**STUDY MATERIAL**
○ ○ ○ ○ ○ ○ ○

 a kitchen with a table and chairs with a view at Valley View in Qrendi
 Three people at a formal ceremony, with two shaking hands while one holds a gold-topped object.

○ ○ ○ ○ ○ ○ ○

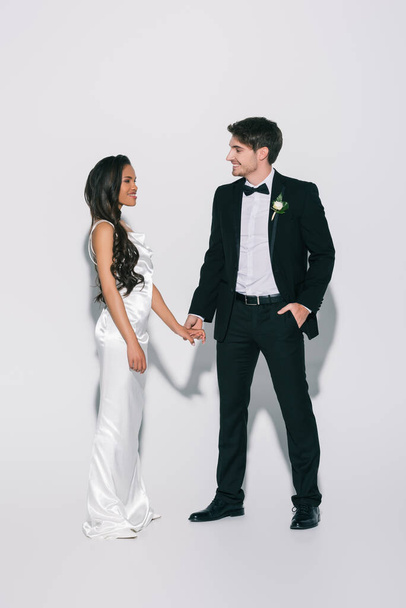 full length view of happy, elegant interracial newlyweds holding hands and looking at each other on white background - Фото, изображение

○ ○ ○ ○ ○ ○ ○

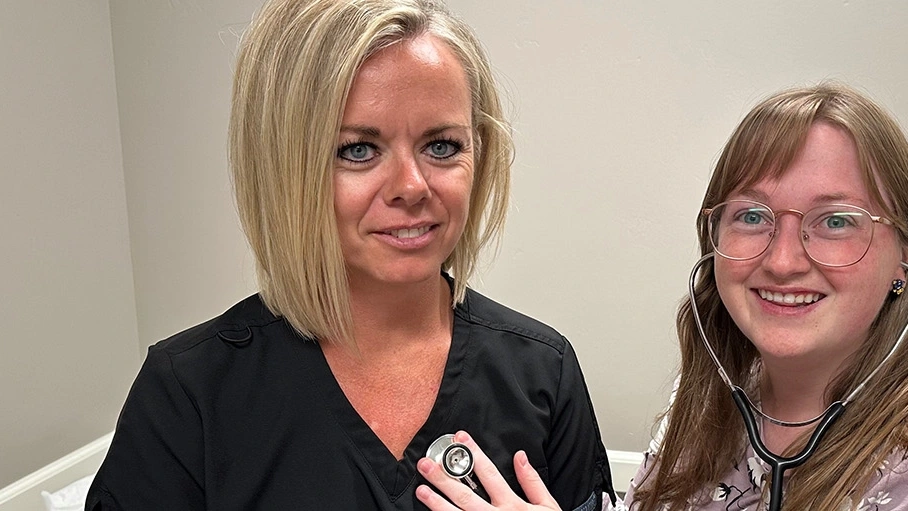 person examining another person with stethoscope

○ ○ ○ ○ ○ ○ ○

**EXERCISE PROMPT**
Starting with the line that holds "a kitchen with" and ending with the line that holds "Three people at", retype every line in the data above exactly, and nothing else.

**EXERCISE RESULT**
 a kitchen with a table and chairs with a view at Valley View in Qrendi
 Three people at a formal ceremony, with two shaking hands while one holds a gold-topped object.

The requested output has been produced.